Another area I would like to see explored is how much the media form itself plays into the definition of being a citizen marketer. For example, if people created a great deal of advocacy in primarily face-to-face settings or over land-line phones, are they considered citizen marketers (or maybe we would call them evangelists?). Or is there something about broadcasting to a larger audience that's inherent in the definition? But then we'd need to consider the case of McChronicles (a blog maintained by a man in New York who chronicles his experience with McDonald's and described in the book) with Supersize Me! (a documentary film by Morgan Spurlock about his experiment eating only fast food from McDonald's for a month, but not discussed in the book). Do we also consider Morgan Spurlock to be a citizen marketer? Clearly one of the points Ben and Jackie make is that the more important thing is that people are the medium, giving a nod to Canadian media theorist Marshall McLuhan, and that "social media" technologies like blogs, podcasts, video sharing sites, etc. have democratized the ability to reach large amounts of people very efficiently. I think they would say that being a citizen marketer is really about people a feeling of a certain kind of ownership and participation in companies, brands, products, and services, and that this disrupts more traditional understandings of who filters information and promotes or undermines advocacy in a society.

Another thing I like is their chapter on "How To Democratize Your Business" which details through mini case-studies three primary ways companies have thus far worked with citizen marketers: through contests, through co-creation of the brand or product, and through community facilitation. The number of examples provided give the reader a glimpse of the possibilities for companies. Figuring out ways to engage citizen marketers is definitely a high priority.

They conclude their book with a cautionary note of how NOT to work with citizen marketers -- for example, not to engage in stealth marketing because it doesn't come from a place of authenticity that is prized by citizen marketers. One quotation I really found intriguing is this: "Social media is the antidote to campaign-based thinking." I'll be encouraging my students to reflect on what this means for how a company envisions their relationships with citizen marketers and their WOM marketing efforts.
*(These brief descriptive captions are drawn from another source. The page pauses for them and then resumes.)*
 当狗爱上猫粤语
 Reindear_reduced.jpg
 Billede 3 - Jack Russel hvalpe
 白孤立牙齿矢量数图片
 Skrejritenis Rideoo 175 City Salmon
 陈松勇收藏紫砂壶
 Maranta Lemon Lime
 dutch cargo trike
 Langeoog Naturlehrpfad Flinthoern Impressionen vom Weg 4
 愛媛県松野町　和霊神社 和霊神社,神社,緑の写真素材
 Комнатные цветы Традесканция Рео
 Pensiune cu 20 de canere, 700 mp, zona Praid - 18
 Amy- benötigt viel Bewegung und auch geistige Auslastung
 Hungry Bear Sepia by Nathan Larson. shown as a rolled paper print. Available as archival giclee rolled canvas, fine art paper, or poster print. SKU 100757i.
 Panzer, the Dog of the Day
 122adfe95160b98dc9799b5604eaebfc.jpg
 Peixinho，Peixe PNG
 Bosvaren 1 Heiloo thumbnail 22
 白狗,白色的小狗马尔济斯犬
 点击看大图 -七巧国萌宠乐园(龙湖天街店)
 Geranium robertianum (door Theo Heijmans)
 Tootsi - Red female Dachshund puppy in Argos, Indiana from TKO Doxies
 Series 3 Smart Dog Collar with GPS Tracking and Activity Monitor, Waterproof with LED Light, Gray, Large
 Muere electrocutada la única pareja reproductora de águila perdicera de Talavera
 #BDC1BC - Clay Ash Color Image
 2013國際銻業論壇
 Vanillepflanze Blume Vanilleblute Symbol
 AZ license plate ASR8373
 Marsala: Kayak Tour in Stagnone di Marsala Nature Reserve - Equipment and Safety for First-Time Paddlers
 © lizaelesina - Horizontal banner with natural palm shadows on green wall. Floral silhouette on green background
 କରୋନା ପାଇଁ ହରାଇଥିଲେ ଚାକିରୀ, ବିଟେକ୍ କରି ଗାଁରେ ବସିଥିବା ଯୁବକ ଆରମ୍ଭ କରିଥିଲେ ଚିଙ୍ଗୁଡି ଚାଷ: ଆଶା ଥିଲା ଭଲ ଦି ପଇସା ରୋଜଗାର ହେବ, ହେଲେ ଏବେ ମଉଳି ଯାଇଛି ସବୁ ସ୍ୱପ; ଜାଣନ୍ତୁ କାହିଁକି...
The quotation alludes to different philosophies of WOM marketing that my class discussed the first time I taught the class last summer.

To conclude this post I want to say thanks to Ben and Jackie for all their diligent efforts doing the research for this book and for sharing their knowledge of citizen marketers.

Disclosure: Ben and Jackie are members of the Word of Mouth Marketing Association (Jackie is on the Board of Directors) and I am on the advisory board of WOMMA. As mentioned above, I received an advance copy of the book and didn't have to pay a penny for it (my students won't be so lucky however).